What is being asked: Provide a verbatim copy of the data below.
-- Data records follows --
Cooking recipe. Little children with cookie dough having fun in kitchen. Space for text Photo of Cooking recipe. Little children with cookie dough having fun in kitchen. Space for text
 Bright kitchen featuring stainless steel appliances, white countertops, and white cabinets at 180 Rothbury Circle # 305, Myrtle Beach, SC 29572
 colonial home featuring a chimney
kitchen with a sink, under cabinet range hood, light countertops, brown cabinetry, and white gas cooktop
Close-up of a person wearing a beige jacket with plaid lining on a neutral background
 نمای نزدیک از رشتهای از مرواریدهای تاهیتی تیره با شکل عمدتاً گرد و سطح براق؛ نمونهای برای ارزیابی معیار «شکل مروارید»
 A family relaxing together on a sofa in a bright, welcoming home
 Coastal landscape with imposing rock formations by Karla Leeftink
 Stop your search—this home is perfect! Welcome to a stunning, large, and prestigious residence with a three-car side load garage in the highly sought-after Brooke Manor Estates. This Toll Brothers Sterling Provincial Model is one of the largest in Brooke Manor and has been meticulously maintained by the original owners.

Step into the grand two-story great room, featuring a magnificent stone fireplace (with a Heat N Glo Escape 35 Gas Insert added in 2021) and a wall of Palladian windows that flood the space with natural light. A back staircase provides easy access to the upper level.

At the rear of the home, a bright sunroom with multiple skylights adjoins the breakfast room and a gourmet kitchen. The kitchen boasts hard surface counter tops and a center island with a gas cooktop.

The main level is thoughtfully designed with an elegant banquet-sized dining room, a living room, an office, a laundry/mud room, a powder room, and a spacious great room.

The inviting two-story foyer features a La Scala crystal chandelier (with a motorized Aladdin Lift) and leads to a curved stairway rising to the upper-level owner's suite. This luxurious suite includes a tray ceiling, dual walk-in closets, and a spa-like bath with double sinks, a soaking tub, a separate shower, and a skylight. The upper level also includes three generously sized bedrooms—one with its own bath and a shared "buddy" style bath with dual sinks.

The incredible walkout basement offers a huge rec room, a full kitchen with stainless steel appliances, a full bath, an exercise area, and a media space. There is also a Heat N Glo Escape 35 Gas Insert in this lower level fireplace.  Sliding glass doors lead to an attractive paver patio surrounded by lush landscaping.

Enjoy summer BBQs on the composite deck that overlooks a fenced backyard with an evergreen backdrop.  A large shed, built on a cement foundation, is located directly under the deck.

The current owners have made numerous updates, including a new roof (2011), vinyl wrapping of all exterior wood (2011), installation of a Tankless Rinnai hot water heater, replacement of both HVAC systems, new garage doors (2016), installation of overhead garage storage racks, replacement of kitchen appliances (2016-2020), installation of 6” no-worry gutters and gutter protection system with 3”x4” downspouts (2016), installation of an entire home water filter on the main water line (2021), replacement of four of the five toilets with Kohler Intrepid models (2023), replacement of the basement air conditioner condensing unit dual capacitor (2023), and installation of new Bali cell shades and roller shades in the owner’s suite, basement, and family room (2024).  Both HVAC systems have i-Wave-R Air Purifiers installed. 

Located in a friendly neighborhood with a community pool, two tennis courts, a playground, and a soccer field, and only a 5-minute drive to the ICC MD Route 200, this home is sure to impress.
-- Data records concluded --
Answer:
Cooking recipe. Little children with cookie dough having fun in kitchen. Space for text Photo of Cooking recipe. Little children with cookie dough having fun in kitchen. Space for text
 Bright kitchen featuring stainless steel appliances, white countertops, and white cabinets at 180 Rothbury Circle # 305, Myrtle Beach, SC 29572
 colonial home featuring a chimney
kitchen with a sink, under cabinet range hood, light countertops, brown cabinetry, and white gas cooktop
Close-up of a person wearing a beige jacket with plaid lining on a neutral background
 نمای نزدیک از رشتهای از مرواریدهای تاهیتی تیره با شکل عمدتاً گرد و سطح براق؛ نمونهای برای ارزیابی معیار «شکل مروارید»
 A family relaxing together on a sofa in a bright, welcoming home
 Coastal landscape with imposing rock formations by Karla Leeftink
 Stop your search—this home is perfect! Welcome to a stunning, large, and prestigious residence with a three-car side load garage in the highly sought-after Brooke Manor Estates. This Toll Brothers Sterling Provincial Model is one of the largest in Brooke Manor and has been meticulously maintained by the original owners.

Step into the grand two-story great room, featuring a magnificent stone fireplace (with a Heat N Glo Escape 35 Gas Insert added in 2021) and a wall of Palladian windows that flood the space with natural light. A back staircase provides easy access to the upper level.

At the rear of the home, a bright sunroom with multiple skylights adjoins the breakfast room and a gourmet kitchen. The kitchen boasts hard surface counter tops and a center island with a gas cooktop.

The main level is thoughtfully designed with an elegant banquet-sized dining room, a living room, an office, a laundry/mud room, a powder room, and a spacious great room.

The inviting two-story foyer features a La Scala crystal chandelier (with a motorized Aladdin Lift) and leads to a curved stairway rising to the upper-level owner's suite. This luxurious suite includes a tray ceiling, dual walk-in closets, and a spa-like bath with double sinks, a soaking tub, a separate shower, and a skylight. The upper level also includes three generously sized bedrooms—one with its own bath and a shared "buddy" style bath with dual sinks.

The incredible walkout basement offers a huge rec room, a full kitchen with stainless steel appliances, a full bath, an exercise area, and a media space. There is also a Heat N Glo Escape 35 Gas Insert in this lower level fireplace.  Sliding glass doors lead to an attractive paver patio surrounded by lush landscaping.

Enjoy summer BBQs on the composite deck that overlooks a fenced backyard with an evergreen backdrop.  A large shed, built on a cement foundation, is located directly under the deck.

The current owners have made numerous updates, including a new roof (2011), vinyl wrapping of all exterior wood (2011), installation of a Tankless Rinnai hot water heater, replacement of both HVAC systems, new garage doors (2016), installation of overhead garage storage racks, replacement of kitchen appliances (2016-2020), installation of 6” no-worry gutters and gutter protection system with 3”x4” downspouts (2016), installation of an entire home water filter on the main water line (2021), replacement of four of the five toilets with Kohler Intrepid models (2023), replacement of the basement air conditioner condensing unit dual capacitor (2023), and installation of new Bali cell shades and roller shades in the owner’s suite, basement, and family room (2024).  Both HVAC systems have i-Wave-R Air Purifiers installed. 

Located in a friendly neighborhood with a community pool, two tennis courts, a playground, and a soccer field, and only a 5-minute drive to the ICC MD Route 200, this home is sure to impress.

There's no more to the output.